Skip to content

[Feature] Data cleanup migration for nested additional_props in Partisipa data #14

@joshbrooks

Description

@joshbrooks

[Feature] Data cleanup migration for nested additional_props in Partisipa data

Summary

Partisipa production data has additional_props stored in two locations: correctly as a model field, and incorrectly nested inside the node JSON field. This causes admin UI warnings, data duplication, and confusion.
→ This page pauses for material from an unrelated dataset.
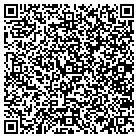 QR code with Precise Package Company contacts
We need a data migration/cleanup command to normalize this structure.

Problem Statement

When viewing FormKit nodes in Django admin (e.g., http://localhost:8001/admin/formkit_ninja/formkitschemanode/ff70de36-f6e8-4b84-8c60-e9198215e6d2/change/), we see warnings:

UserWarning: Some JSON fields were hidden: additional_props

Investigation reveals:

Many Partisipa nodes have this structure:

# YAML fixture structure
node:
  $formkit: currency
  name: community_training
  validation: required
  additional_props:          # ❌ INCORRECT: nested inside node JSON
    validation: required
    
additional_props:            # ✅ CORRECT: separate model field
  min: '0'
  step: '0.01'
  onChange: $formula.cfm2ff4

Impact:

  • Admin UI confusion: Warnings about "hidden fields"
  • Data duplication: Same properties in multiple places
  • Maintenance burden: Need to check both locations
  • Query complexity: Harder to analyze form structures
  • Potential conflicts: Which value is authoritative?

Current Extent

From the full Partisipa fixture (/tmp/fk_ninja.yaml, 57,551 lines):

  • 647 FormKitSchemaNode objects total
  • Unknown how many have this duplication (needs analysis)
  • Affects multiple form types (CFM, FF, SF, TF series)

Proposed Solution

Create a Django management command: cleanup_additional_props

Functionality

# Dry run (show what would change)
python manage.py cleanup_additional_props --dry-run

# Actually perform cleanup
python manage.py cleanup_additional_props

# Verbose mode
python manage.py cleanup_additional_props --verbose

# Limit for testing
python manage.py cleanup_additional_props --limit 10

Algorithm

for each FormKitSchemaNode:
    if 'additional_props' in node.node:
        nested_props = node.node['additional_props']
        
        # Merge nested props into model field
        model_props = node.additional_props or {}
        merged_props = {**model_props, **nested_props}
        
        # Update model field
        node.additional_props = merged_props
        
        # Remove from node JSON
        del node.node['additional_props']
        
        # Save both fields
        node.save(update_fields=['node', 'additional_props'])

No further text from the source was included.